The thought of saying good-bye to Bruce Chatwin suddenly clouded my mood. I had been lonely for much too long, and he had such a natural conversational style, I longed for more of his company.
“Is there no chance of you remaining in Dodge City,” I asked, “even if just a few more hours?”
“Fortune awaits,” he said, then grasped my hand. “But we will meet again, I’m sure of it. If not here, then in Leadville, perhaps.”
“I doubt it,” I said. “I’ve been in Dodge City for a year now and it looks like I’m here to stay. I always thought I’d resume my journey west someday, but I’m afraid I’ve grown roots.”
“Be careful of making such declarations,” he said. “None of us knows what providence has in store for us. We could find ourselves celebrating the Fourth of July with snowflakes frosting our hair.”
Then he releas
ed my hand and was gone.
7
The door to the newspaper office was standing open, and lying across the threshold was a yellow cat the size of a badger. The cat regarded me with sleepy green eyes, flicked its tail twice, then yawned.
“Pardon me,” I said.
Instead of moving, the cat rolled onto its back and exposed its fat stomach.
“I suppose you are expecting to be petted,” I said. “But you will be disappointed. I am friends with a very jealous black bird, and he will be unhappy should he discover I’ve been familiar with a feline.”
“Get out the doorway, General Hayes!”
A young man came forward, apologized, and gently shooed the cat away with the side of his foot. The cat flipped over like a spring, spat, and took a swipe at the boy’s foot with a forepaw.
“Rutherford B.!”
The cat raced into the street, then sat and regarded the foot and the young man attached to it with contempt.

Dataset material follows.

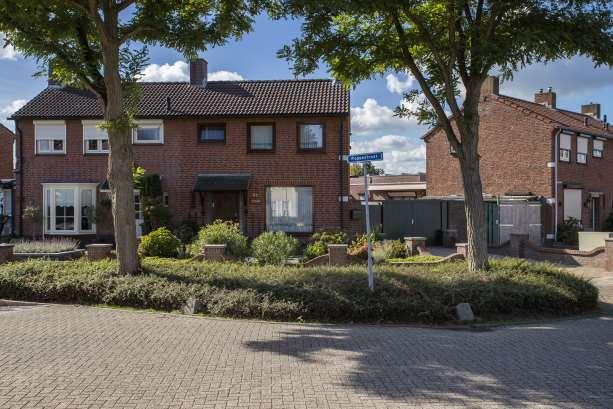 OMSCHRIJVING PAND Poppestraat 41a te Sint Willebrord betreft een uitgebouwde 2/1 kap woning met garage, gelegen op een rustige locatie in een woonwijk.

“You’ll be back,” the boy said. “When you’re hungry.”
The boy’s name was Walter Shinn and he was the editor of the Times, and he had been drinking. He was wearing clothes that looked as if they were in their second or third day of wear, his dark hair was unkempt, and his very blue eyes peered at me from behind a thick set of spectacles that had dark smudges on both lenses.
“Why did you name your cat General Hayes?”
“My brother and I are from Ohio,” he said. “I was for General Hayes, but my little brother, Lloyd, was pulling for General Garfield. Now I’m sorry I won the argument.”
“You have spots,” I said. “On your glasses.”
“Oh, thanks.” He removed the glasses, breathed on them, and wiped them on the front of his shirt. “Come in, please. Have you heard? Circulation is up to seven hundred fifty now.”
“Impressive,” I said.
“I’m glad to see you again, Miss Wylde. I wish you would reconsider my offer to picnic with me this Sunday on Gospel Hill. The event would be chaperoned by the church ladies, and I can be a proper gentleman when the occasion requires.”
“Why, Walter,” I said. “You are just a boy. It would be a scandal. And judging from the state of your clothes, the last proper occasion was some time ago.”